Börklüce Mustafa’dan başlarsam; Börklüce sömürülen ve ezilen halkın, toplulukların tarihsel önderi. Börklüce şahsında yoksul köylülük, balıkçılar, göçerler, Müslüman ve gayrimüslüm ahali ile muhtemelen köleler egemenlerine, efendilerine isyan ediyor. Aynı şey Torlak Kemal için de geçerli. Torlaklar yoksul göçerler. “Bir lokma, bir hırka” şiarıyla yaşayan derviş insanlardır. Sosyal, siyasal sistemin mal, mülk, statü ve sembollerine karşıdırlar. Egemen iktidara ve ilişkilerine karşı oluşları onları hareketle yan yana getirmiştir.

Klasik ve çağdaş Osmanlı tarihçiliğine “1416 İhtilali” ve Şeyh Bedreddin nasıl yansımıştır?
Bedreddin’e dair en önemli metin torunu Hafız Halil tarafından yazılan Menakıbname’dir. Bu metin Bedreddin’in masumluğunu, Osmanlı Sarayına karşı kanıtlamaya çalışan bir eserdir. Osmanlı tarihçiliğinin ortak vurgusu Bedreddin’in kendisini nebi, sultan, saltanat iddiası ile ayaklandığıdır. Bedreddin’e dair Osmanlı tarihçiliğinin özel bir öfkesi olduğu kesin. Bunun da iki nedeni var. Birincisi Fıkıh alimi olarak isyanın kabul edilemez olması. İkincisi Selçuklu soyundan ve Osmanlı gazisinin oğlu olarak egemen sınıftan gelip oynadığı rol. Yani ‘sınıfına ihaneti’. Bu iki neden kabul edilemez gerekçeler Osmanlı uleması ve vakanüvisi için.

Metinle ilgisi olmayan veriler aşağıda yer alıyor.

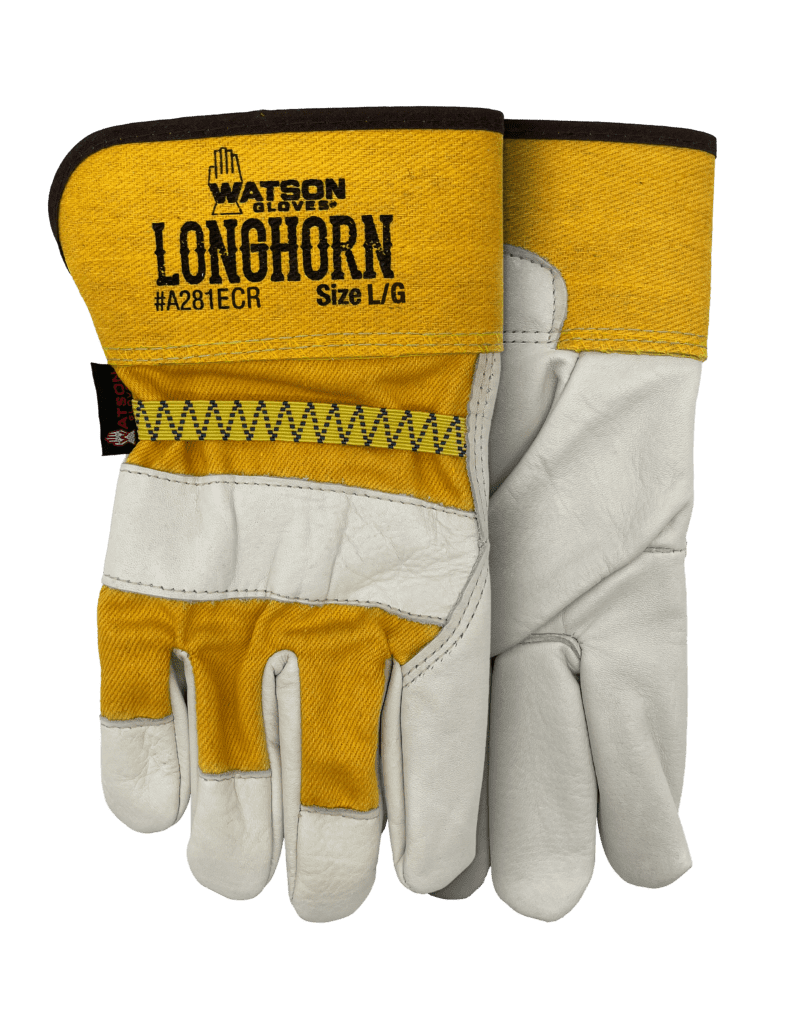 Yellow and white leather work gloves with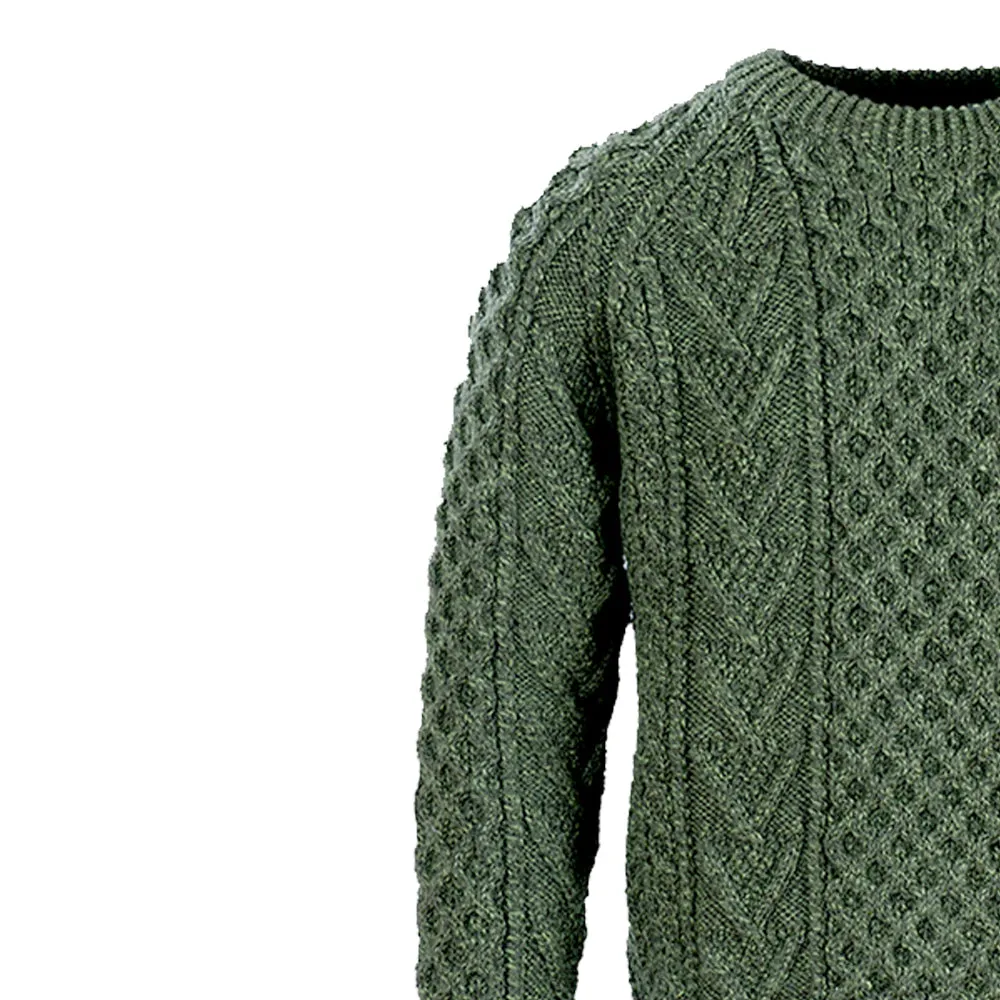 Green Unisex Hand Knit Crew Neck Aran Sweater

Çağdaş tarihçilik de isyanın siyasal, sosyal ve ekonomik süreçlerine vurgu, anlama süreci var. Fakat bütünsel olarak Osmanlı toplumsal sınıfsal ilişkilerinin analizi, eleştirisi maalesef yok. Böyle olduğu için de isyan bir arızi durum olarak analizle sınırlı kalıyor. Oysa sorun Osmanlı mülkiyet ilişkilerinde, işleyişinde saklı. Bu da Marksist bütünsel bir Osmanlı tarihi analizi yapmamızı gerektiren yeni metin ihtiyacını da dile getiriyor.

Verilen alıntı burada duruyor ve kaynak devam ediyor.